27日深夜、『カンニング竹山の土曜The NIGHT』(ABEMA)が放送され、強制収容所に収容されたウイグル人女性が、アメリカに入国ができた際のエピソードを語った。

 この日は「中国政府による民族大虐殺 ウイグル人の証言」と題して、ゲストに日本ウイグル協会の人物を招き、中国で起きていると言われているウイグル人への弾圧について特集をした。

 番組では、奇跡的に強制収容所から出ることができ、現在アメリカで暮らしているウイグル人女性の5時間におよぶ単独インタビューに成功。女性にはパキスタン人の夫がおり、夫の父親が心臓の手術をすることから「1か月で中国に戻ること」を条件に、家族全員が一緒にパキスタンに行けることになったという。

 その後について女性は「いろいろあった」と言葉をにごしながらも、2019年4月1日にアメリカのワシントンにわたることができたと説明。「アメリカの空港に到着したときの、感動した話をしなければなりません」と続けた。

▶映像:ウイグル人女性、アメリカに入国をしたときの思い出を語る(1時間10分頃〜)

 入国審査の職員は女性とパスポートを何度も見て「あなたはウイグル人? 本当にウイグル人?」と質問してきたそう。女性が片言の英語で「私はウイグル人です」と答えると、職員は「ウェルカム トゥ アメリカ!」と女性と子どもを抱きしめて歓迎し、審査やチェックなどをすることなく通してくれたそう。

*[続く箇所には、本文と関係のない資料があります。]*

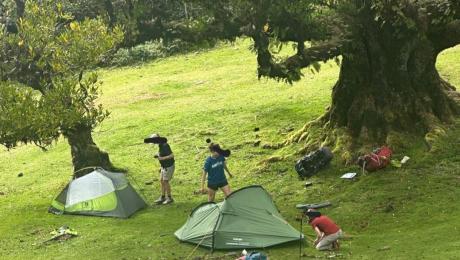 Três turistas apanhados a acampar ilegalmente no Fanal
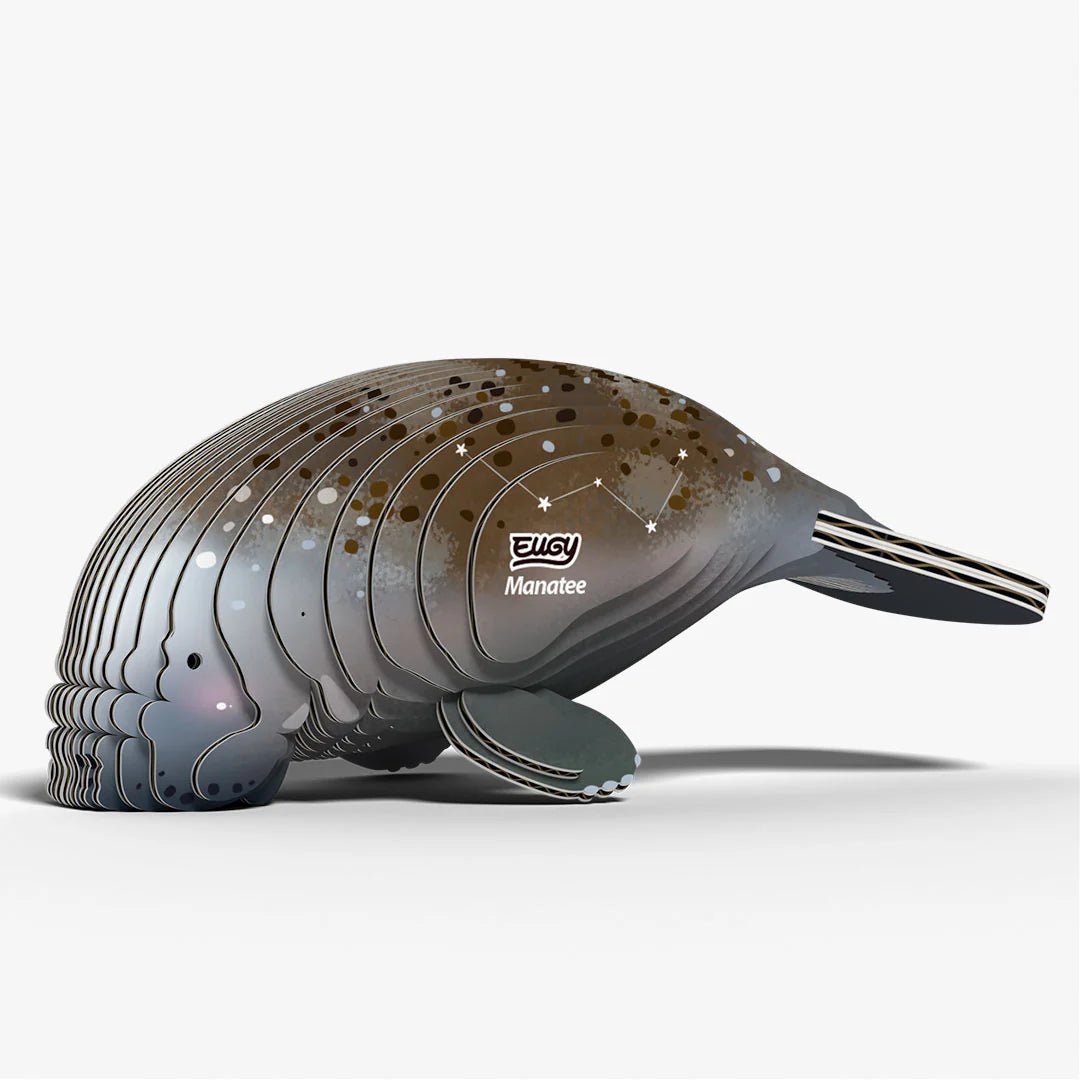 Eugy | 3D Cardboard Model Kit | Sea Life | Zeekoe | 31 stukjes | 6+ - Kleine Eland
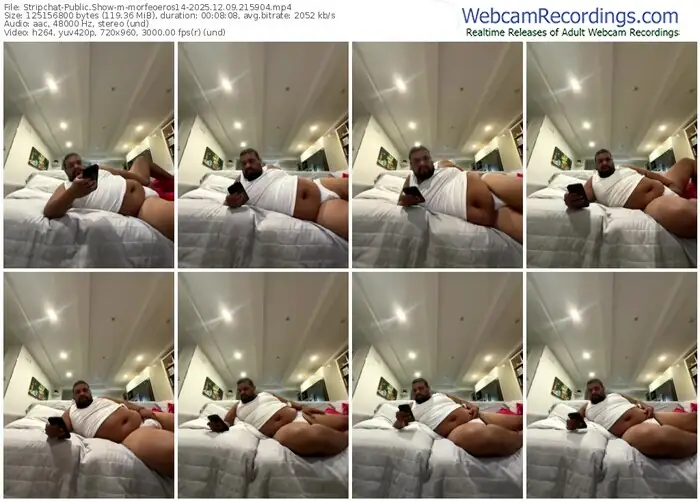 stripchat-morfeoeros14-12-09-2025-21-59-04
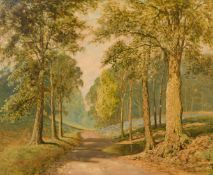 David Mead (1906-1986) British, 'Balcombe Forrest, Sussex', A track through the woods, oil on board,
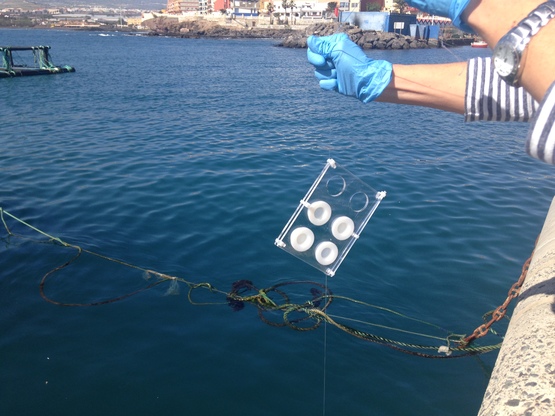 Posa in mare dei Diffusive Gradient in Thin Films (DGTs) a cura dei ricercatori del Monitool Project (foto: monitoolproject.eu)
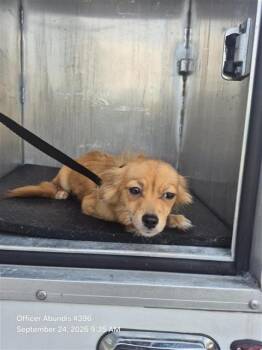 BROWNIE -  Chihuahua Dog for Adoption in San Antonio, Texas - BROWNIE | PetCurious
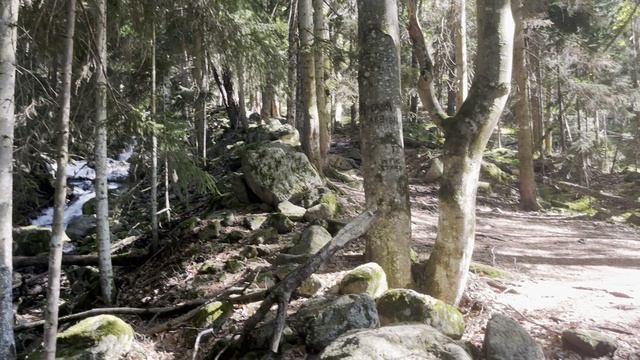 Лес у реки Шумка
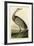 Hooping Crane-John James Audubon-Framed Art Print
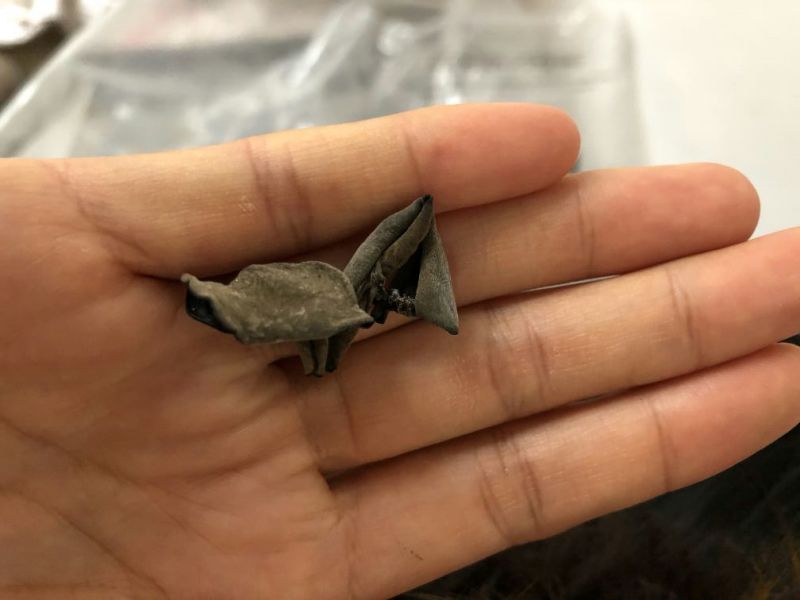 秋木耳一级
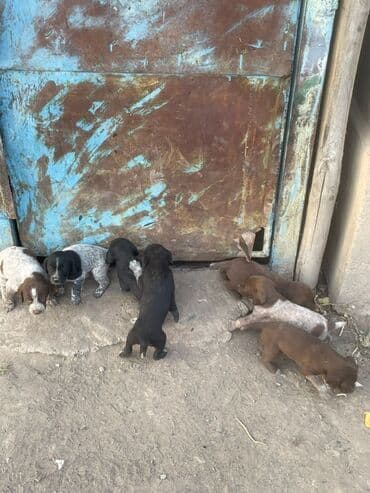 акустические системы tronsmart колонка в виде собак: Щенки, помёт охотничьего типа (похожие на курцхаара/дратхара по окрасу — 2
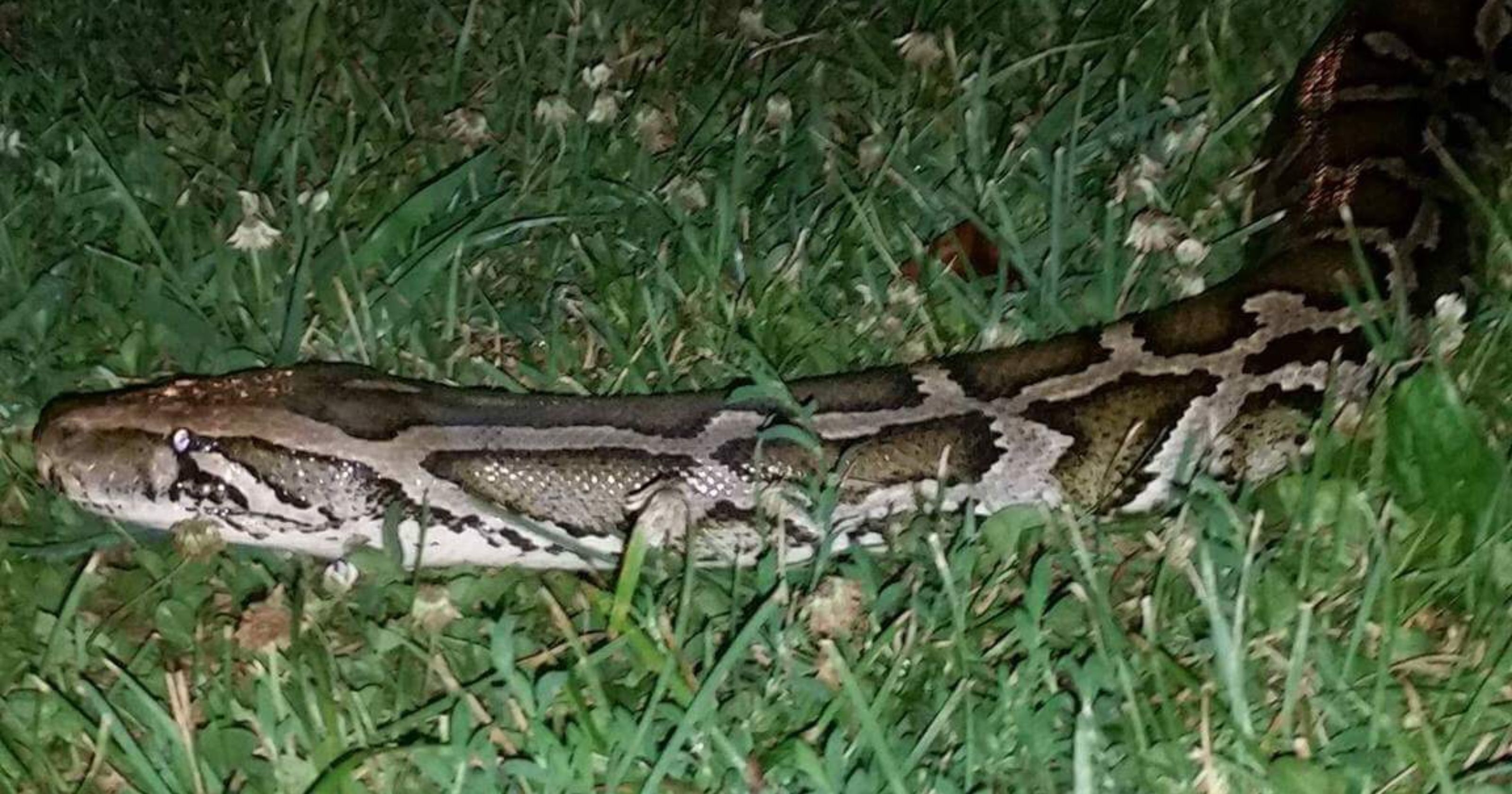 20-foot pet python found alive near owner's house two months after ...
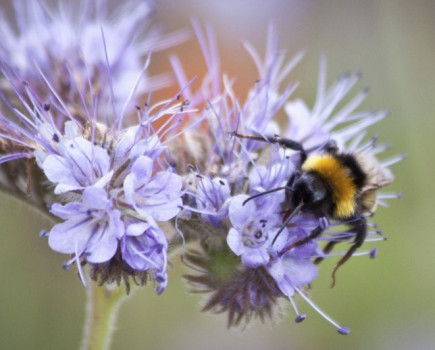 Mustard farmers join forces to protect British honey bees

 女性はそのときの状況について「ただただ『ウェルカム! ウェルカム!』。私はこのとき初めて、なんとも言えない一息を吸うことができた。『やっと私は自由になったのだ』と思った」と振り返った。

 女性はそれからホワイトハウス、アメリカ議会、国務省、メディアなどで自身の体験を証言。「彼らが私になにをしていたのか究明してほしい、この身体を解剖してもいい。ウイグル人女性がなにをされ、どれだけ苦しんでいるのか知ってほしい、私の体がその証拠です、命がけで証明します」と訴えていることを明かした。